By Felicity LuHill
February 28, 2017
As a tutor, I’m often called upon to help students read and write when they prefer other subjects over Literature. Generally, these students hate reading and writing. So I ask them, “What subjects do you prefer?” Science, Math, and History are big ones. In these cases, I find it best to get to the hear of why? and use that as a gateway.
An eighth grader once told me:
“I like science because it makes me think of the world in new and different ways.”
“Funny,” I said, “that’s exactly why I like literature.”
To show him what I meant, I introduced to him two stories, “The Happiness Machine” by Ray Bradbury and “A Hunger Artist” by Franz Kafka. Both stories play with our perceptions of what we think we know, namely Happiness and Performance.
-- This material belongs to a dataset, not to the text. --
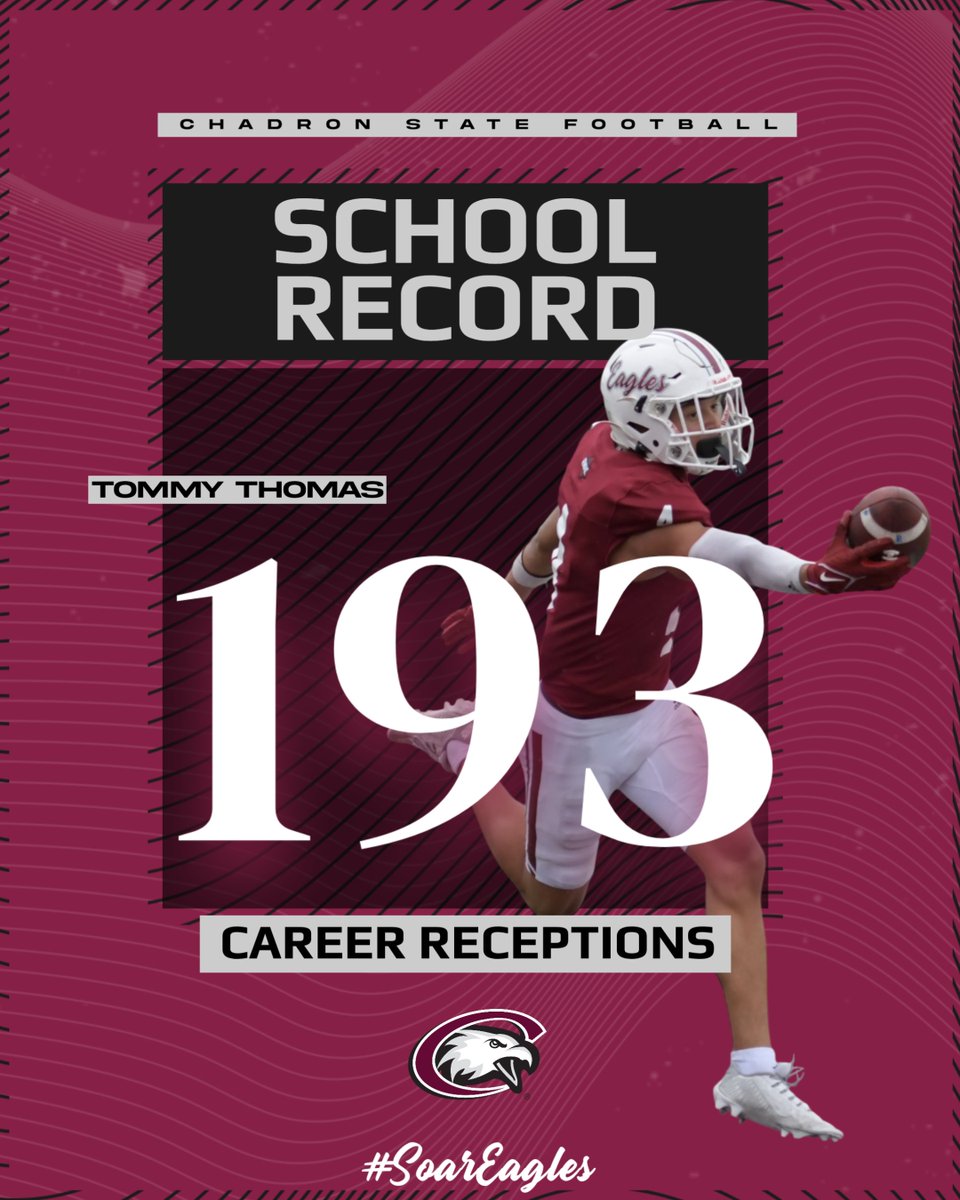 CSCFootball's tweet image. FB RECORD: With a 66-yard grab during Saturday&apos;s playoff game against Pittsburg State, Tommy Thomas has passed CSC alum Cole Thurness with 193 career receptions, the most in Chadron State football history!

Tommy&apos;s current total is 194 and counting.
“The Happiness Machine” is a story about a man who builds a machine that makes you happy. His wife tries it out, and, though she is happy while in the machine, she winds up leaving the machine crying. The machine shows her a world she has no part of, and makes the rest of her life seem sad in comparison. The story launched the student and me into a discussion about what it means to be happy. How, by definition, nothing can be good if there is no bad to compare it to.
Likewise, “The Hunger Artist,” a story about a man who starves himself as a type of performance art, started a conversation about the nature of performance. “This man does nothing, but sit in a cage, letting himself die slowly. Does that mean that anything can be performance?”
He had originally thought that fiction had no relevance in the real world. But both of these stories made him think of the world around him in new ways. He started thinking of happiness and sadness as being closely linked, one necessary for the other. He could see how reasons to perform can be a bit arbitrary. Slowly, he was creating links between the exploratory nature of Science and the exploratory nature of reading.
I strive to make this kind of connection with all sorts of students. Students like math because it’s objective, logical. But so is the structure of a sentence, the “if-then” form of an essay argument, and the cause and effect nature of a story. The student who enjoys memorizing dates and historical trivia, is the same kind of student that would enjoy learning vocabulary and the roots of words.
The same kind of methodology can be applied to early readers. The trick is asking:
- What does he like?
- Why does he like it?
- In what way is that similar to reading and writing?
As someone who studied both Computer Science and English Literature in college, I constantly see all kinds of connections between Literature and other areas. The trick is using the way the student thinks to lead him on unexpected journeys.